▸ DIRECTIONS
The part below that opens with the line containing "These small personal" and closes with the line containing "Een fitnessruimte vol" should be copied exactly, minus any pictures.

▸ SUPPLIED DATA
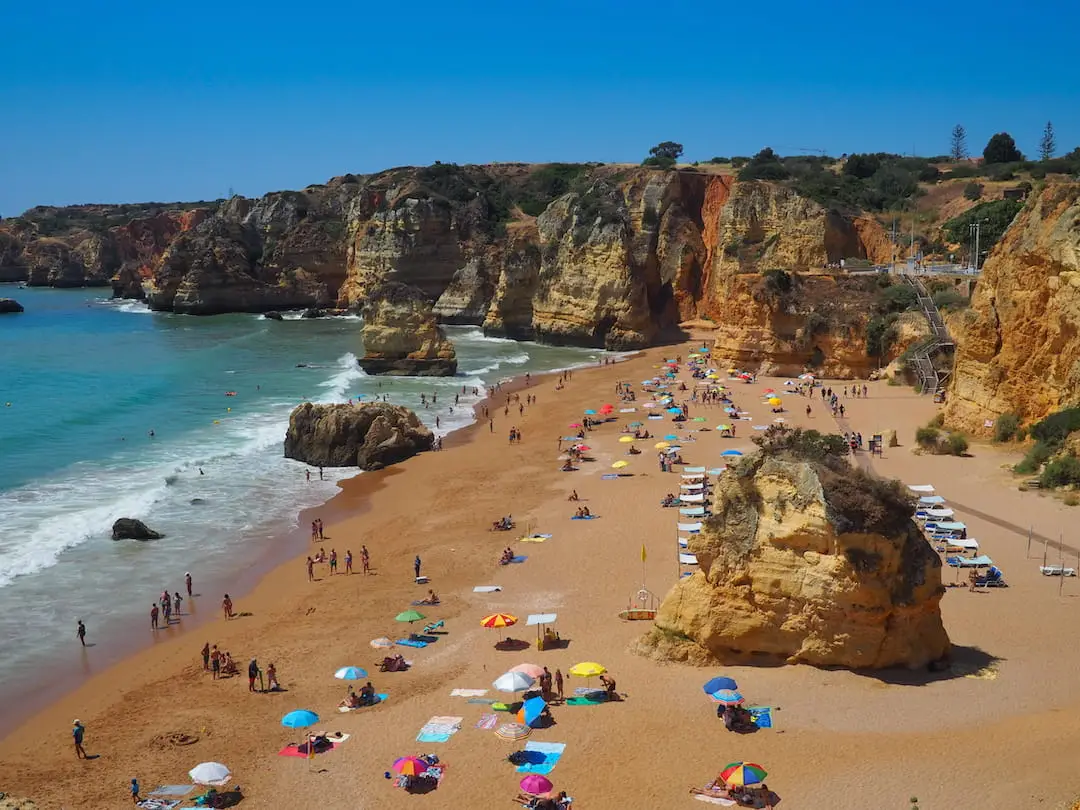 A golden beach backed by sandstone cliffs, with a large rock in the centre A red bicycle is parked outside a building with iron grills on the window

* * *

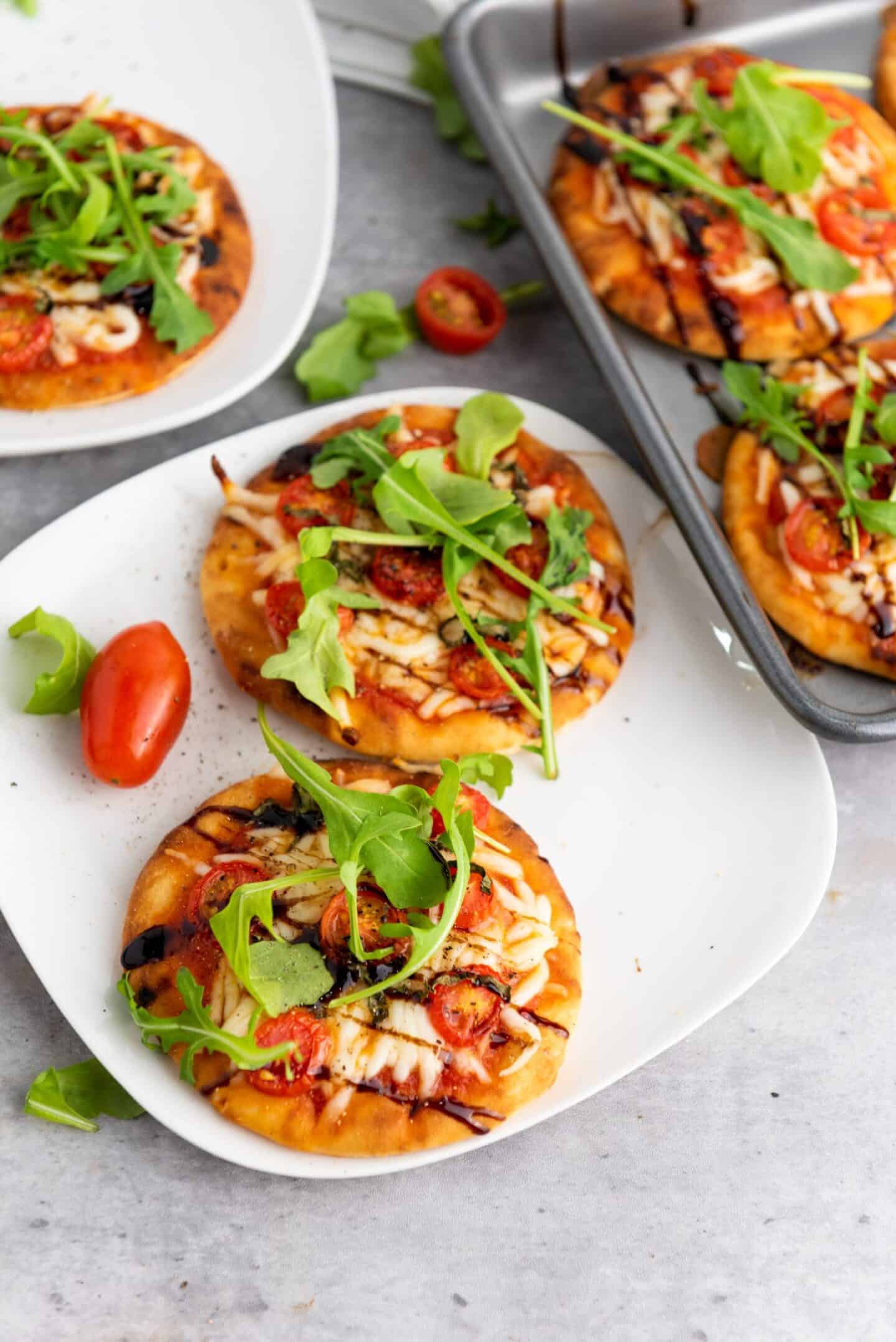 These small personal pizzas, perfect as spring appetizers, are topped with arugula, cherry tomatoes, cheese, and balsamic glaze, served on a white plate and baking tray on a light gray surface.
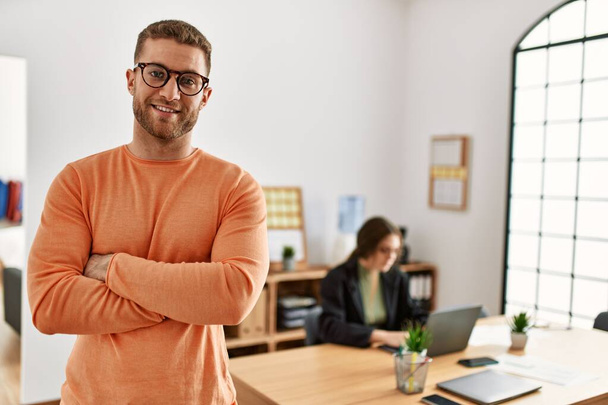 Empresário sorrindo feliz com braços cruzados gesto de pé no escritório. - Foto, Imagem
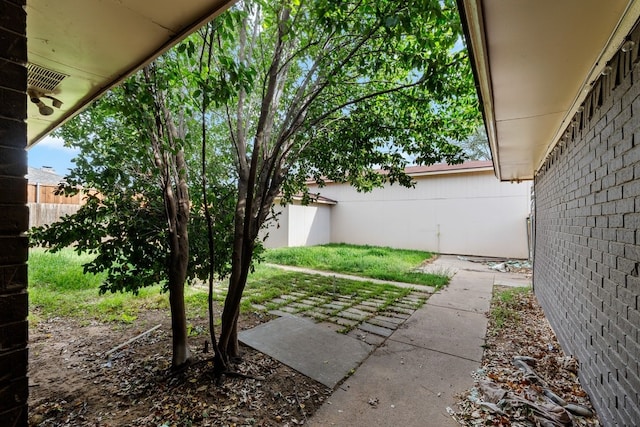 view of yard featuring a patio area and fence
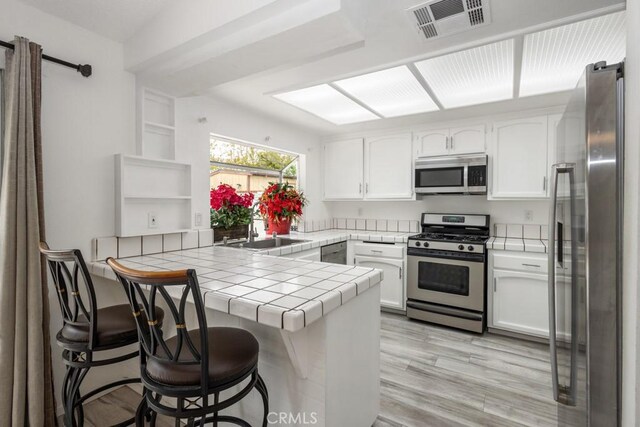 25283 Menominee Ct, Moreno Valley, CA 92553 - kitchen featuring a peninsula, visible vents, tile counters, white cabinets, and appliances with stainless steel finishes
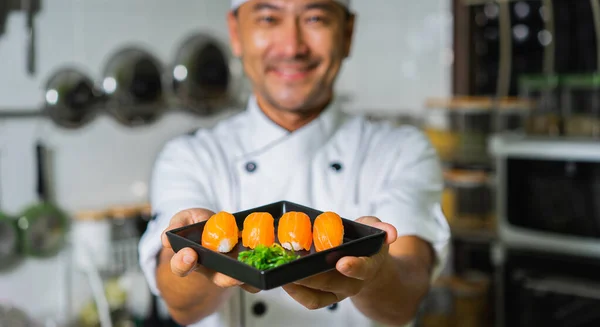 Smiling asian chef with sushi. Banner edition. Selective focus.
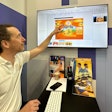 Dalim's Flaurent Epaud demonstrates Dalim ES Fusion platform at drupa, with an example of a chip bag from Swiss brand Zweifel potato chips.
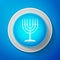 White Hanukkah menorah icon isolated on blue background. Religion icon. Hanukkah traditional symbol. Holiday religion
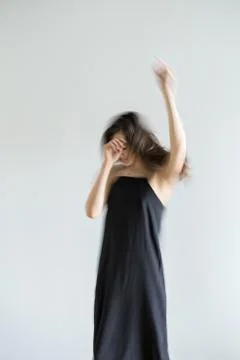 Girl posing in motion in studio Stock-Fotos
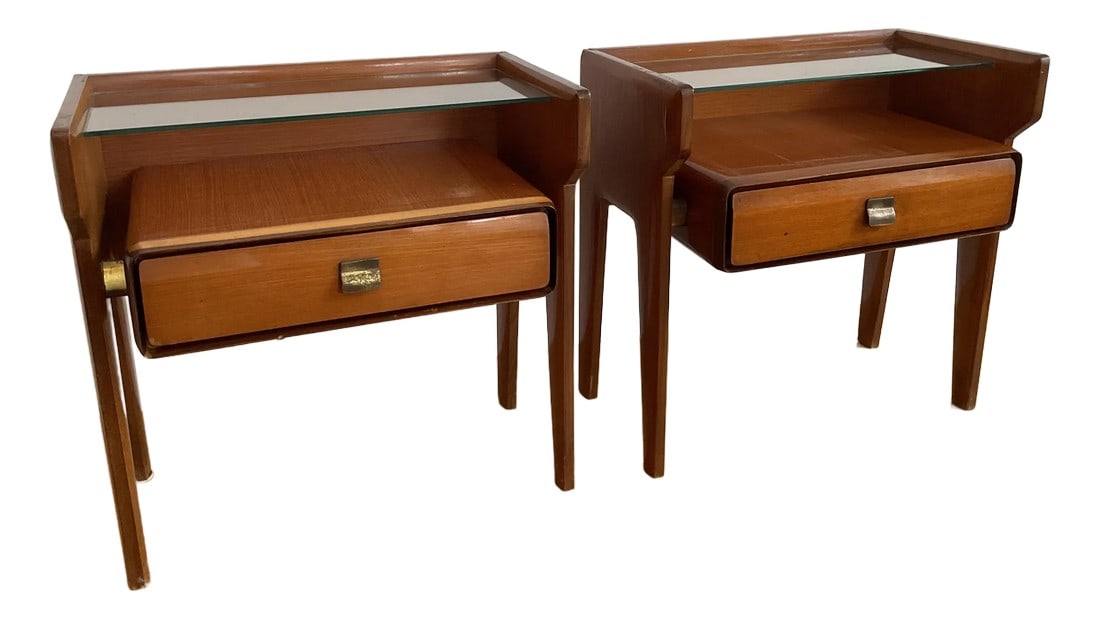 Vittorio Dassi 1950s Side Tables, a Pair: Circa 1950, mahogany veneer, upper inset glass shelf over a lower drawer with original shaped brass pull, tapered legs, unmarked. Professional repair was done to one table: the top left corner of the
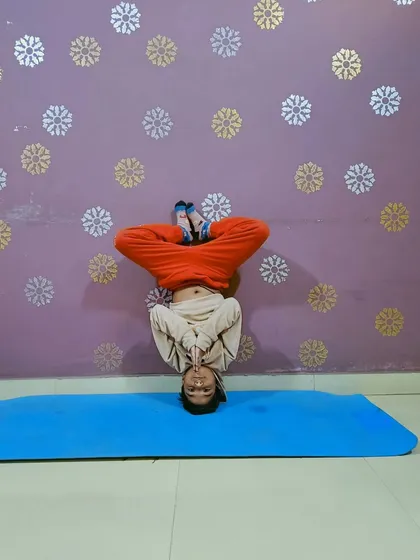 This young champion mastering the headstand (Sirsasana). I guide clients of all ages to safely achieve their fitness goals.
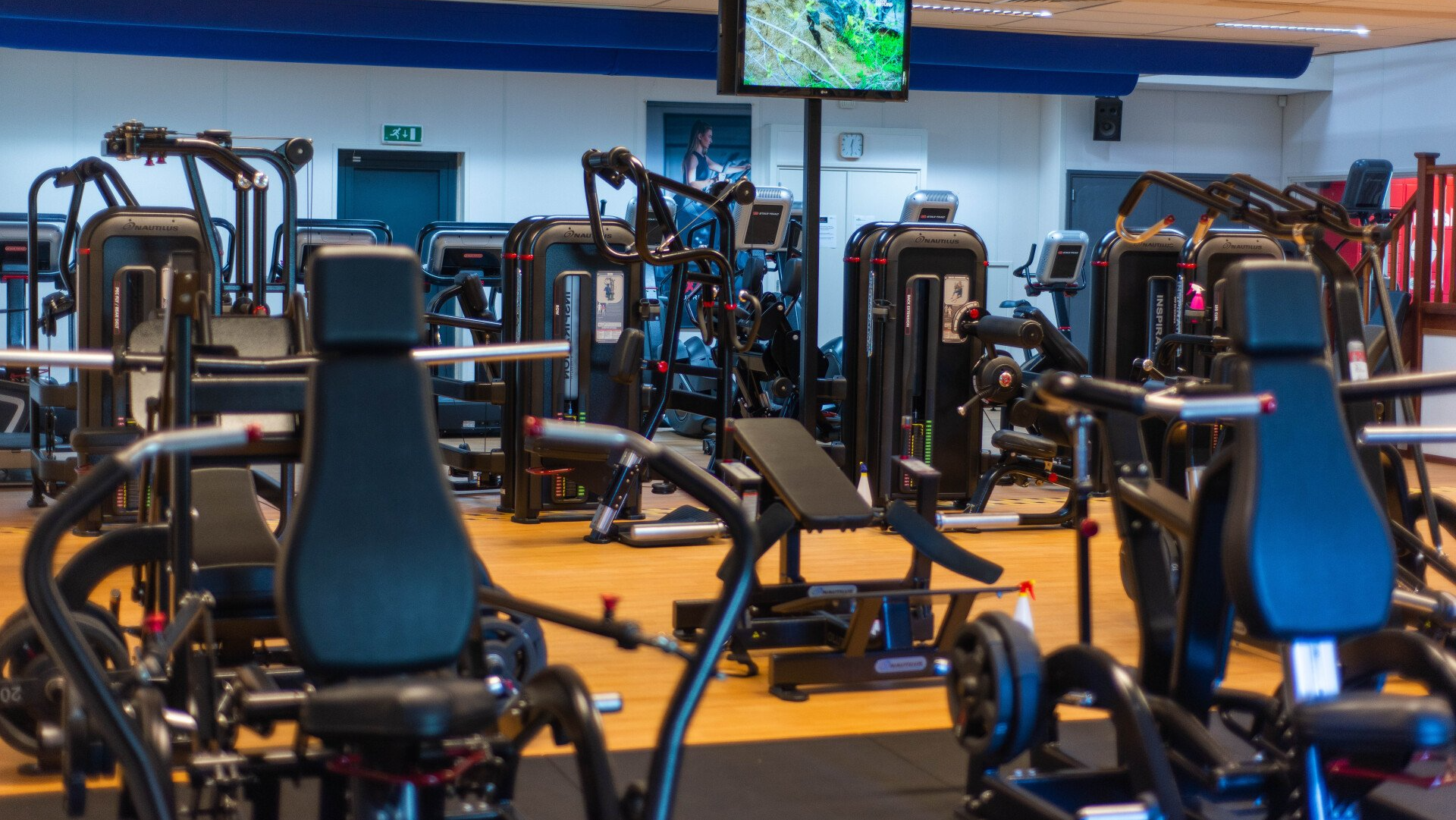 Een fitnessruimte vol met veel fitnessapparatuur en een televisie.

==

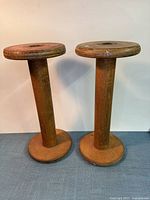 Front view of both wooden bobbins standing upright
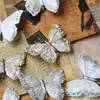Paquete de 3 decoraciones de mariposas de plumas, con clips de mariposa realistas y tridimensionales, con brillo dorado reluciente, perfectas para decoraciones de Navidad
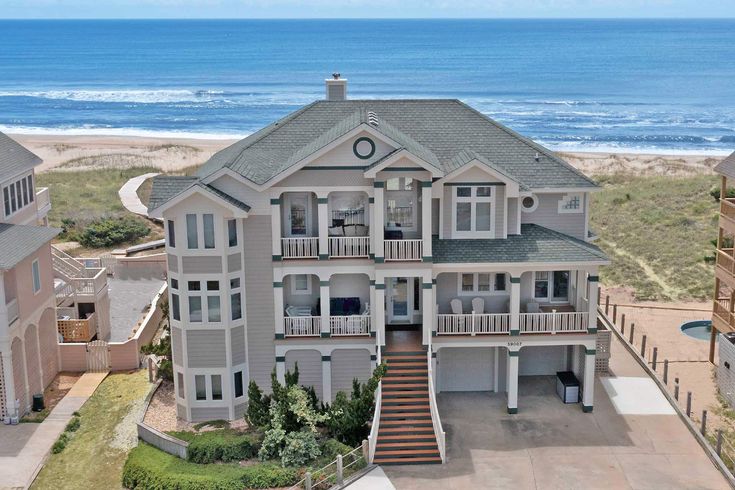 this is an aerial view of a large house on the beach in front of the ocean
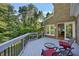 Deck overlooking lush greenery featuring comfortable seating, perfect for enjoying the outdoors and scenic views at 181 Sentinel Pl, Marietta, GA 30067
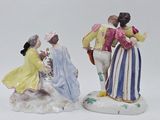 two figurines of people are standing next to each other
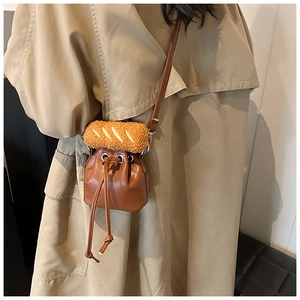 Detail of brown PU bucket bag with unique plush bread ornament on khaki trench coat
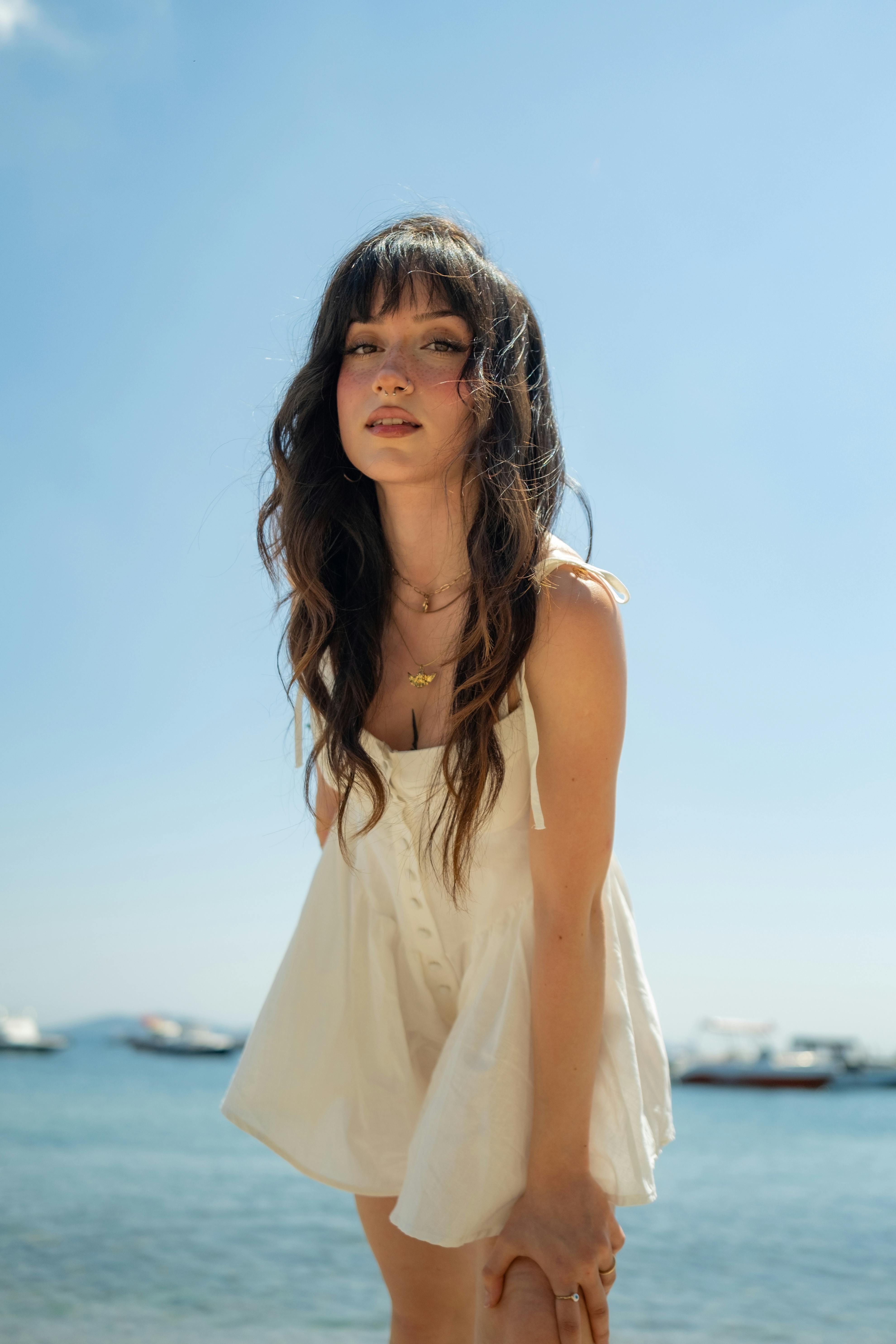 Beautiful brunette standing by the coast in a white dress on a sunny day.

▸ YOUR SOLUTION
 These small personal pizzas, perfect as spring appetizers, are topped with arugula, cherry tomatoes, cheese, and balsamic glaze, served on a white plate and baking tray on a light gray surface.
 Empresário sorrindo feliz com braços cruzados gesto de pé no escritório. - Foto, Imagem
 view of yard featuring a patio area and fence
 25283 Menominee Ct, Moreno Valley, CA 92553 - kitchen featuring a peninsula, visible vents, tile counters, white cabinets, and appliances with stainless steel finishes
 Smiling asian chef with sushi. Banner edition. Selective focus.
 Dalim's Flaurent Epaud demonstrates Dalim ES Fusion platform at drupa, with an example of a chip bag from Swiss brand Zweifel potato chips.
 White Hanukkah menorah icon isolated on blue background. Religion icon. Hanukkah traditional symbol. Holiday religion
 Girl posing in motion in studio Stock-Fotos
 Vittorio Dassi 1950s Side Tables, a Pair: Circa 1950, mahogany veneer, upper inset glass shelf over a lower drawer with original shaped brass pull, tapered legs, unmarked. Professional repair was done to one table: the top left corner of the
 This young champion mastering the headstand (Sirsasana). I guide clients of all ages to safely achieve their fitness goals.
 Een fitnessruimte vol met veel fitnessapparatuur en een televisie.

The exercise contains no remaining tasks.